Even if the claimants win this suit, they'll have a hard time getting any monetary satisfaction from defendants such as bin Laden and the Taliban. But the lawyers for the plaintiffs in the tanzanite suit say they're optimistic the action can stop STS from selling tanzanite and force it to donate to the victims' fund, WSJ reports.
On Feb. 9, U.S. State Dept. official MIke O'Keefe told attendees at a
meeting at the Tucson gem shows there is currently no connection between tanzanite and terrorism. O'Keefe tells Professional Jeweler he can't disprove what was mentioned in court documents during a 2001 trial concerning U.S. Embassy bombings in East Africa. The documents indicate an al Qaeda operative tried to sell tanzanite in the mid-1990s, though O'Keefe says the evidence is not definitive. "There are allegations that tanzanite was sold," he says. "However, I haven't seen conclusive evidence that it was."
WSJ says the new suit "was inspired by" its Nov. 16, 2001, report of a tie between tanzanite and al Qaeda. The plaintiffs' lawyers also relied on a follow-up article quoting from the diary of Wahid El-Hage, who was convicted for a role in the embassy bombings. In the journal, El Hage details attempts to sell tanzanite. The diary never said he completed a sale.

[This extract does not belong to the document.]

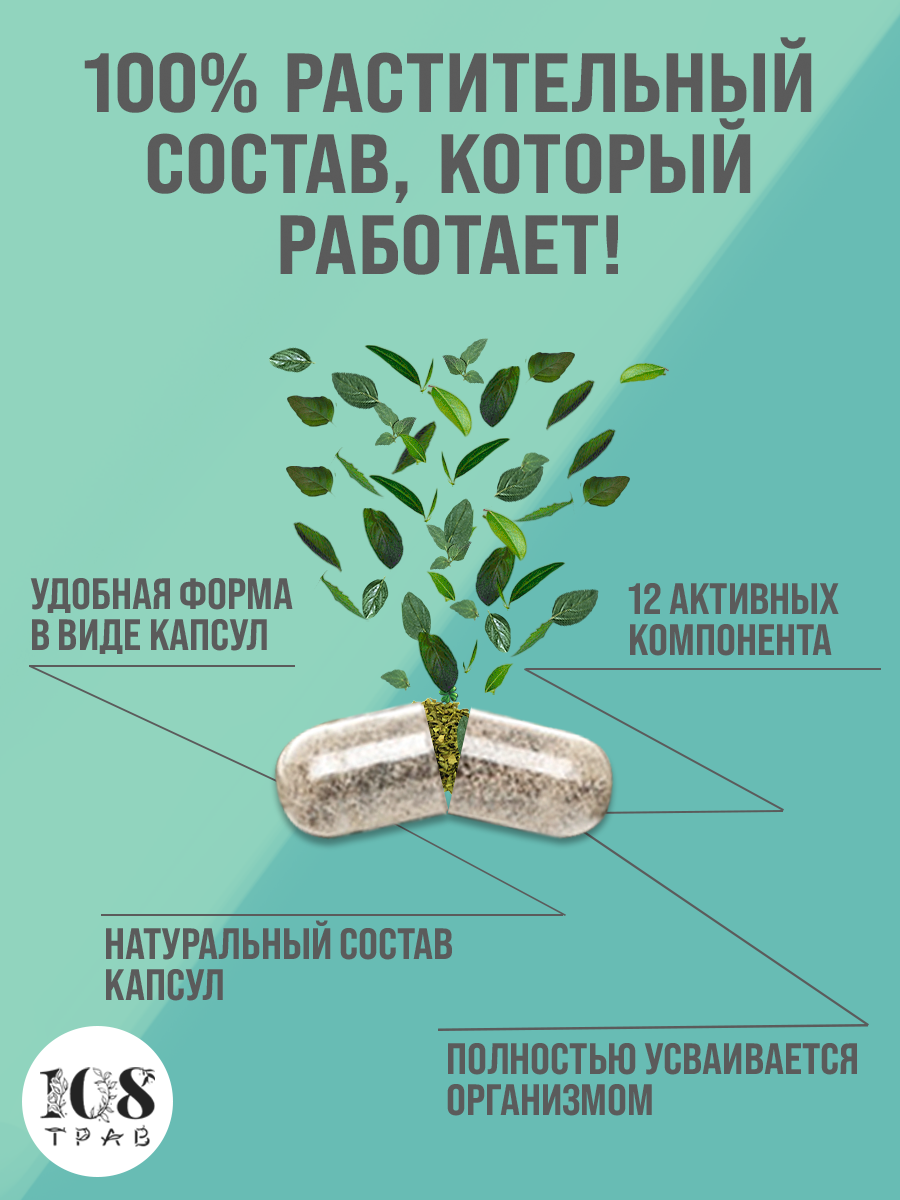 Гомеопатические Препараты Для Желудочно-Кишечного Тракта Комплекс витаминов "Желудочные кишечные", для желудка, от вздутия живота, очищение кишечника /108 трав, 60 капсул.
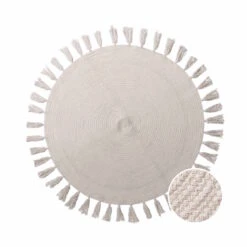Teppich Mit Quasten Ø110cm ALL NATURE In Creme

According to a letter from a lawyer for El-Hage to a U.S. tanzanite dealer obtained by Professional Jeweler, "It has been established only that between 1995 and 1997 Mr. El-Hage attempted to act as a broker in the tanzanite business in Kenya, and to market an extremely small quantity of such stones in Africa, Europe and the United States. He was never more than a minimal factor, if a factor at all, in that market, and did not make a significant number of sales of tanzanite. In addition, there was not any evidence offered that any money Mr. El-Hage may have received as payment for tanzanite ever was used or transferred for the purpose of use for terrorist or illegal activity."
"Anybody involved in Sept. 11 should have their economic viability destroyed," Mark Lanier, one of the plaintiff's lawyers, tells WSJ. Lanier is well known for winning large judgements from the asbestos industry. The other lawyers retained have been involved in asbestos cases and criminal and media cases. The newspaper identifies the plaintiffs as the wife of a Cantor Fitzgerald LP broker, the wife of a New York police officer and the father of a New York firefighter.